Stored items from a collection:
-- -- --

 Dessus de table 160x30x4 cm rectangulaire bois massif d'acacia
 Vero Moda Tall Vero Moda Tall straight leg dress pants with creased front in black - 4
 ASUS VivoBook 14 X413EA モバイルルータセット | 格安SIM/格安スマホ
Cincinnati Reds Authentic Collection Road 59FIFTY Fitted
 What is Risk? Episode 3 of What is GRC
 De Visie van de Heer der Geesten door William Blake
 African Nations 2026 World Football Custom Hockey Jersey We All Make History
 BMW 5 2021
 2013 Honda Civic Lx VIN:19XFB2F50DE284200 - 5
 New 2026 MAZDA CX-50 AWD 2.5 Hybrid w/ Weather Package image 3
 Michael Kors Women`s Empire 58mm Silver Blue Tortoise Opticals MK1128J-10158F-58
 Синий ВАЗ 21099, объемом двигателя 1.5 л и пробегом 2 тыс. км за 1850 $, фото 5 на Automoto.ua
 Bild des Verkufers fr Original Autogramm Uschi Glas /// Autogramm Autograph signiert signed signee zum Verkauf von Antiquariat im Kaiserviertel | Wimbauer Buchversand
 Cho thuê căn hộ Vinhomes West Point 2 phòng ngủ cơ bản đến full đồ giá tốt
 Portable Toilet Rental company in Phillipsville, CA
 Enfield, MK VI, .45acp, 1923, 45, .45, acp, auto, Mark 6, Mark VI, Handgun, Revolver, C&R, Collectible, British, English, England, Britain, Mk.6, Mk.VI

-- -- --

What the task requires: The records above need copying. Do it exactly.

Solved exercise:
 Dessus de table 160x30x4 cm rectangulaire bois massif d'acacia
 Vero Moda Tall Vero Moda Tall straight leg dress pants with creased front in black - 4
 ASUS VivoBook 14 X413EA モバイルルータセット | 格安SIM/格安スマホ
Cincinnati Reds Authentic Collection Road 59FIFTY Fitted
 What is Risk? Episode 3 of What is GRC
 De Visie van de Heer der Geesten door William Blake
 African Nations 2026 World Football Custom Hockey Jersey We All Make History
 BMW 5 2021
 2013 Honda Civic Lx VIN:19XFB2F50DE284200 - 5
 New 2026 MAZDA CX-50 AWD 2.5 Hybrid w/ Weather Package image 3
 Michael Kors Women`s Empire 58mm Silver Blue Tortoise Opticals MK1128J-10158F-58
 Синий ВАЗ 21099, объемом двигателя 1.5 л и пробегом 2 тыс. км за 1850 $, фото 5 на Automoto.ua
 Bild des Verkufers fr Original Autogramm Uschi Glas /// Autogramm Autograph signiert signed signee zum Verkauf von Antiquariat im Kaiserviertel | Wimbauer Buchversand
 Cho thuê căn hộ Vinhomes West Point 2 phòng ngủ cơ bản đến full đồ giá tốt
 Portable Toilet Rental company in Phillipsville, CA
 Enfield, MK VI, .45acp, 1923, 45, .45, acp, auto, Mark 6, Mark VI, Handgun, Revolver, C&R, Collectible, British, English, England, Britain, Mk.6, Mk.VI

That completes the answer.